US President Donald Trump’s phone call to Palestinian Authority President Mahmoud Abbas is in itself a gratifying gesture. But even more so, for Abbas to be personally invited to the White House by the president of the United States to discuss the political process is a great development that comes at a time when many believed the Israeli-Palestinian conflict had slipped down on the list of American priorities.
Although a specific date has yet to be fixed, with the invitation designated for the “near future”, this does not detract from its significance.
The Palestinians are truly thrilled to see signs of light at the end of the tunnel, which has been getting darker due to the events in the region, the Israeli intransigence and the international impotence in stirring the stagnant Middle Eastern political waters.
Trump declared his intention to make peace between the Arabs and the Israelis on more than one occasion and there is no reason to cast doubt on the sincerity of his good intentions.

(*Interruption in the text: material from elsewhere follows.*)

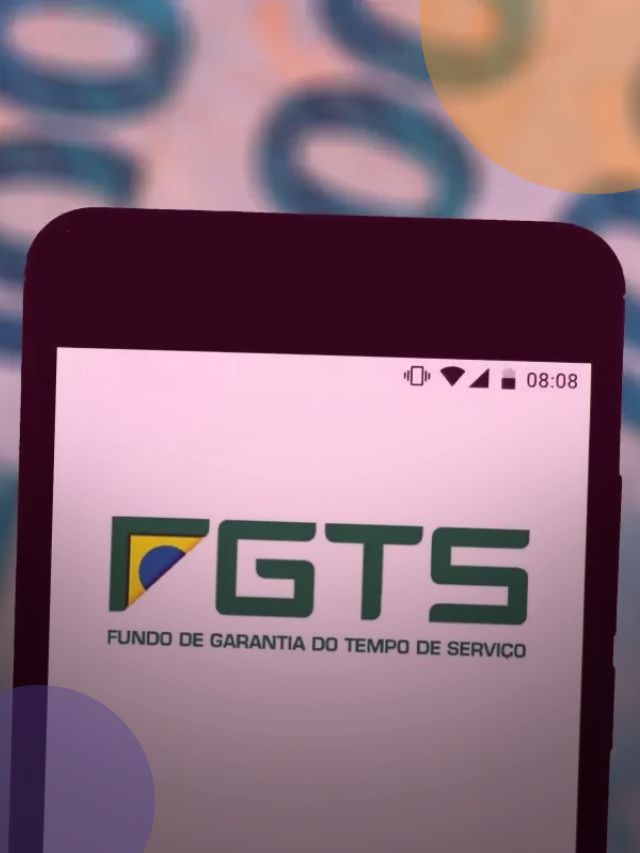 Logo do FGTS em tela de um celular.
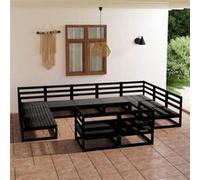 Vidaxl Salon De Jardin 11 Pcs Bois De Pin Massif Noir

The big question, however, is whether the undertaking is going to be that easy.
Previous US presidents and their secretaries of state who attempted to resolve this historic conflict did not fail because their intentions were not as sincere or because their quest for a Middle East peace was less enthusiastic: they failed because Israel had blocked every possible prospect for advancing the process.
Washington’s serious and meaningful efforts to convince the Israelis to accept ideas and frameworks that were specifically designed to meet all their security needs, and indeed other needs, were repeatedly thwarted.
Not only was Israel’s obstructionism not met by any US or international pressure, but, worse, Israel was often rewarded by subsequent acquiescence and appeasement.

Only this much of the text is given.